The recent statement by the Prime Minister, at the inauguration of a securities markets training institute, that the securities markets were not contributing their fair share of the taxes, sparked off speculation of withdrawal of the long-term capital gains tax exemption and increase in rates of short-term capital gains taxes on stock market share transactions.
While the finance minister was quick to clarify that there was no proposal to remove the exemption for long-term capital gains, one certainly needs to examine whether there is a case for phasing out of such exemptions.
One of the points being made is that most exemptions for companies are already being phased out. Also, this exemption is being misused by penny stock operators to convert black money, through manipulation of prices of penny stocks, and hence needs to be eliminated.
What is lost sight of is that every exemption that has been provided in the past, has been misused by some taxpayers. A classic case was that of various film stars setting up hotels and poultry farms in the 1970s and 1980s, when there were exemptions for profits of such businesses.

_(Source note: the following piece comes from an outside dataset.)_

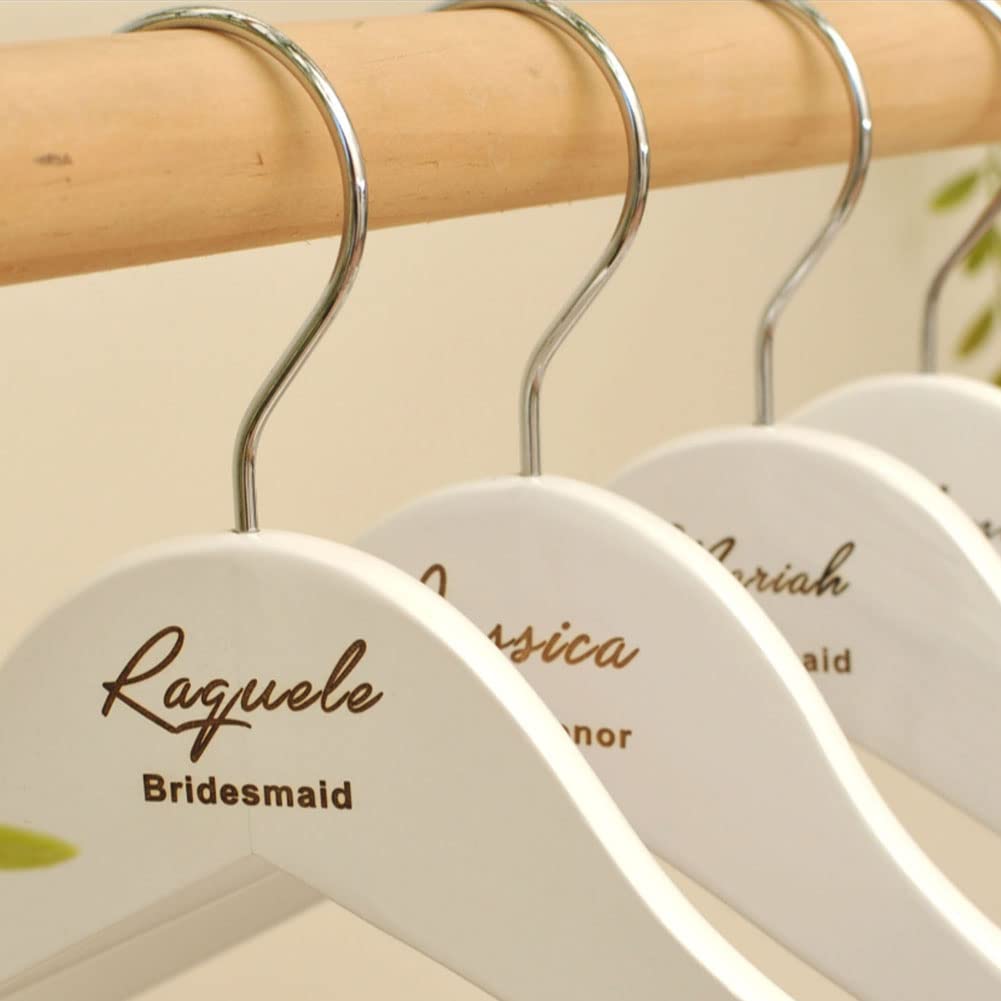 Clibeslty Personalized Bride Hanger,Engraved Bridesmaid Hanger,Name Engraved Wood Hanger Bridal Party Wedding Gifts(White) Clibeslty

Today, now that the exemption is no longer available, how many film stars own poultry farms or hotels? Every tax exemption will always attract taxpayers seeking to use it to convert their black money. What is required is proper monitoring to check misuse, and not elimination of the exemption altogether.

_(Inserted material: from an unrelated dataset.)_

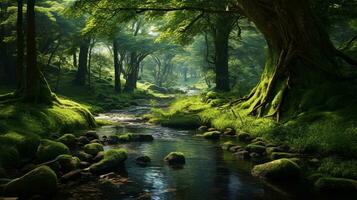 green tree with stream in forest. nature scene background. generative AI photo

One also needs to remember that the Securities Transaction Tax (STT) was introduced simultaneously with introduction of this exemption.

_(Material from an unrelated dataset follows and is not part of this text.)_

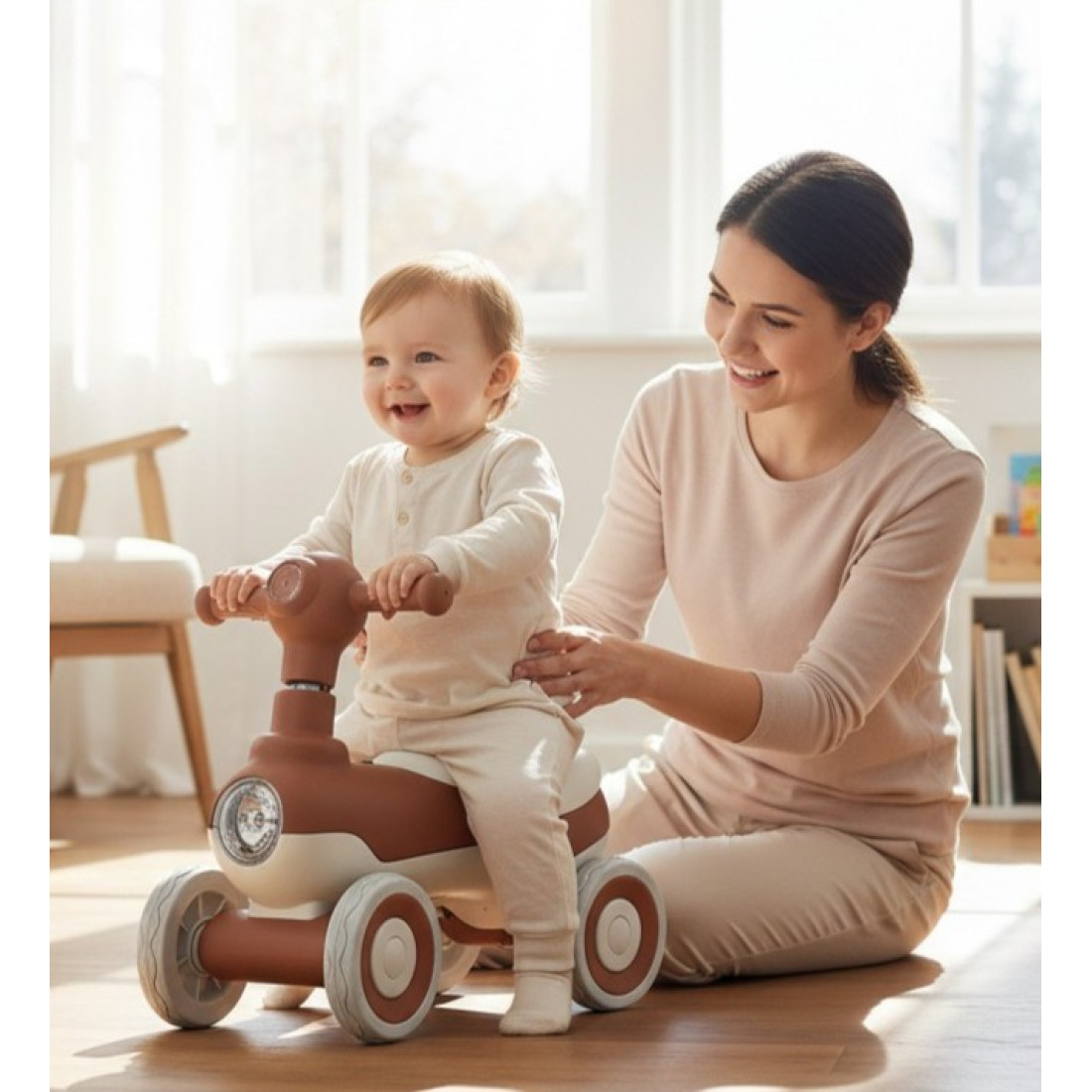 Scuter copii, 4 roti, maro, 1-3 ani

The objective was to collect at least some tax from foreign institutional investors, who paid no taxes in India at all on their share trading profits. Such collection from STT was to offset the tax loss on account of the capital gains exemption.
Reintroduction of capital gains taxes while retaining STT would amount to a double taxation—retaining the new tax, while bringing back the old tax.
Maybe, in a couple of years, once the capital gains from such investors are no longer exempt under the Mauritius and Singapore tax treaties, STT can be withdrawn and capital gains tax on shares reintroduced.
Speaking of exemptions, the biggest exemption (and correspondingly, the provision subject to the largest misuse) is that for agricultural income. One hears of so many cases of politicians and others who have laundered their money by showing it as agricultural income.
Since most transactions of sale of agricultural produce at the farm level take place in cash, it is very easy to manipulate the quantum of agricultural income.
If the intention of the government is to launch an all-out attack on black money, does it make sense to retain the biggest loophole which enables easy conversion of black money?
The government has taken many steps in the past 2 years to unearth black money, and prevent its proliferation. These include action against persons found to have undisclosed foreign bank accounts or assets, introduction of the Black Money (Undisclosed Foreign Income & Assets) and Imposition of Tax Act, 2015 and the Income Disclosure Scheme 2016, amendment of the Benami Transactions (Prohibition) Act and the demonetization of high-value denomination notes.
One would have thought that the next natural step would be to curb this practice of easy conversion of black money.
The argument against taxing agricultural incomes is that most agriculturists are poor, and that agricultural incomes are still subject to the vagaries of the monsoon and other climatic events.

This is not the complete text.